Les caricatures de Mohammed

Les caricatures de Mohammed

Tout d’abord, en guise de préambule, « Mahomet » ou « Mohammed » ?

Le titre ci-dessus répond à la question ! Le prénom Mahomet n’existe pas, et, hormis la paresse intellectuelle, il n’y a aucune raison de perpétuer une erreur de transcription vieille de plusieurs siècles. Aujourd’hui, nous n’avons plus aucune excuse à faire fi d’un minimum de connaissances, et la nullité bien connue des Français quant aux langues étrangères n’est pas à notre honneur. Donc, ce sera « Mohammed » – avec deux « m », selon la phonétique .

Ce modeste article n’entend pas non plus faire le point sur une affaire compliquée, qui a secoué le monde au début de l’année 2006 – et causé tout de même quelques morts dont on n’avait pas besoin –, mais mettre en lumière plusieurs détails dont les journaux ont peu parlé.

L’origine

Kåre Bluitgen, un écrivain danois de gauche, auteur de livre pour enfants, désirait publier un ouvrage, au demeurant pas du tout critique, sur la vie du « prophète » des musulmans, Mohammed. Les livres pour enfants sont généralement illustrés, mais, depuis l’assassinat du cinéaste et polémiste néerlandais Theo van Gogh par un jeune islamiste marocain, le 2 novembre 2004 à Amsterdam, aucun dessinateur n’acceptait ce travail.

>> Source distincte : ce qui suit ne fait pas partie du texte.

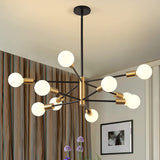 Modern Sputnik Chandelier Adjustable Light Mid-Century Pendant lighting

Ayant eu vent de l’affaire, le quotidien « Jyllands-Posten » décida de s’y intéresser. Ce journal, favorable au fascisme entre 1920 et 1930, est aujourd’hui de tendance libérale-conservatrice. Son rédacteur en chef s’appelle Carsten Juste, et le responsable des pages consacrées à la culture est Flemming Rose. C’est ce journaliste, un Danois né en 1956, qui décida d’écrire à une association de dessinateurs et illustrateurs, travaillant pour la presse, l’édition et le théâtre, et de leur demander de dessiner Mohammed « comme ils le voyaient ». Il n’était prévu, ni de faire des caricatures, ni de se moquer, a-t-il précisé ultérieurement, dans une interview à « Newsweek » publiée le 13 février 2006.

Sur quarante dessinateurs pressentis, il reçut en réponse les dessins de douze dessinateurs, qu’il publia le 30 septembre 2005, en illustration d’un article sur l’autocensure et la liberté de la presse. Cette publication passa inaperçue – le Danemark est un petit pays, sa langue est peu parlée –, et provoqua si peu de scandale que les caricatures furent reprises, le 17 octobre suivant, par un journal... égyptien, « Al Fagr » ! L’Égypte n’est pourtant pas un pays particulièrement tolérant sur ce plan, un certain procès fait il y a quelques années aux clients d’une boîte de nuit homosexuelle l’a suffisamment démontré.

Interdit ?

Est-il vraiment « interdit » de dessiner Mohammed ?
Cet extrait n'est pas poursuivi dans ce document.